Duruşmanın öğleden sonraki bölümünde mahkeme başkanı ölen madenci yakınlarının açıklamalarını dinlemeye devam etti. Maden faciasında hayatını kaybeden Rıdvan Acet'in eşi Meral Acet, "Hepsinden de şikayetçiyim. Benim eşim yarı yeraltı, yarı yerüstü işçisiydi. İşçi eksikliğinden dolayı pazar günü bile işe giderdi. Çocuklarımın ve kızımın psikolojisi çok bozuldu. Buradaki mühendislere hakkımı helal etmiyorum. Eşim hep işyerinden geç gelirdi. Değer miydi bir avuç kömür için bunda insanın ölmesine, çocuklarım bu durumdan çok etkilendi ve hepsi sınıflarında kaldı." diye konuştu.
'BEN DUL, ÇOCUKLARIM YETİM KALDI'
Hayatını kaybeden madenci Emrah Kaya'nın eşi Ayşe Kaya, "Bu katliamdan sonra çocuklarım öksüz kaldı. Ben de dul kaldım.
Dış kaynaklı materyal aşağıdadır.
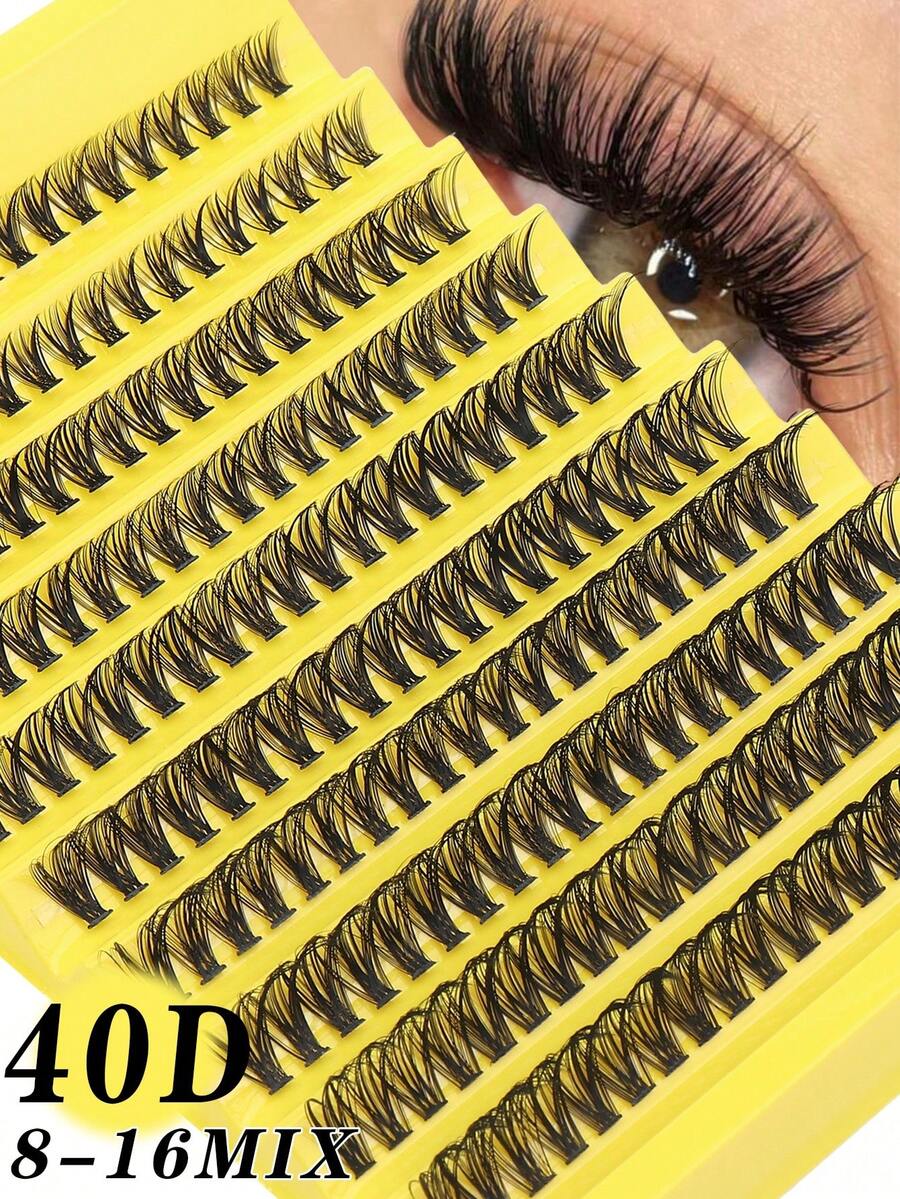 200 Pcs D Curl Individual False Eyelash Extensions,Thick, Fluffy & Voluminous, Cat Eye & Cluster Style, Segmented Design - Ideal For DIY Makeup, Beginner-Friendly & Reusable Lash Clusters,Eye Lash Clusters,Individual Eyelashes,Lashes,Fake Lashes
Eşim 2019 yılında işe başladı. Uzun bir süre vardiya değişimi olmadı. Patlamadan önce vardiya değişimi başladı. Genelde gündüz vardiyasına gitmek istemezdi. Şeflerin çok baskı yaptığını söylerdi. Son zamanlarda çok baş ağrısı çekiyordu. Eve gelince de aralıksız olarak uyuyordu. Eşimle bir gün evde otururken, 'Ocakta gaz kaçağı' olduğunu bana söyledi. Verilen iş güvenliği eğitimin sözlü olduğunu tam olarak tatbikat olmadığını söylerdi. Vücudunda zaman zaman yaralanmalar olurdu. Benim eşim hiç işten kaçmazdı. Benim 2 tane yetimim kaldı. Sonuna kadar davacı ve şikayetçiyim." dedi.
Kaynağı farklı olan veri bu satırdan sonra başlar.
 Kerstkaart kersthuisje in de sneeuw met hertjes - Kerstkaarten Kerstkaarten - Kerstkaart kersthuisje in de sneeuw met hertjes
HASTANEDE HAYATINI KAYBEDEN AYHAN AKGÜL'ÜN İDDİANAMESİ MAHKEME TARAFINDAN KABUL EDİLDİ
Mahkeme başkanı, maden faciasında yaralanan ve tedavi gördüğü hastanede 7 Nisan 2023 tarihinde yaşamını yitiren Ayhan Akgül için iddianamenin hazırlandığını ve mahkeme tarafından kabul edilip mevcut dosya ile birleştirildiğini belirtti.
'PATLAMA HER ZAMANKİ OLAN LAĞIM PATLAMASINDAN FARKLIYDI'
Mahkeme başkanı maden faciasından yaralı kurtulan ve uzun süre yoğun bakımdaki tedavisinin ardından taburcu olan madenci Umut Güneş'i tanık olarak dinlendi. Mahkeme başkanının 'Olay gününü anlatır mısınız?' sorusuna Güneş, "Patlama her zamanki gibi lağım patlamasından çok farklıydı. Patlamadan sonra hepimiz birbirimize baktık. İlk anda biz sesin nereden geldiğini anlayamadık. Daha sonra biz -350 ile -320 arasında olduğunu tahmin ettik. Yanımdaki arkadaşlarımız bizi sakinleştirdi. Sonra temiz hava neredeyse oraya ve maske istasyonuna gitmeye karar verdik. Maskelerimizi taktık ve dumanlar içinde yürümeye başladık. Yaşam hattı bölgesi zaten hiç gözükmüyordu. Maskelerimizin yeterli olduğunu da düşünmüyorum. Biz dumanın içinden ilerlemeyi tercih ettik. Ben ondan sonrasını hatırlamıyorum." diye cevap verdi.
Mahkeme, diğer tanıkların dinlenmesi için yargılamayı yarına erteledi.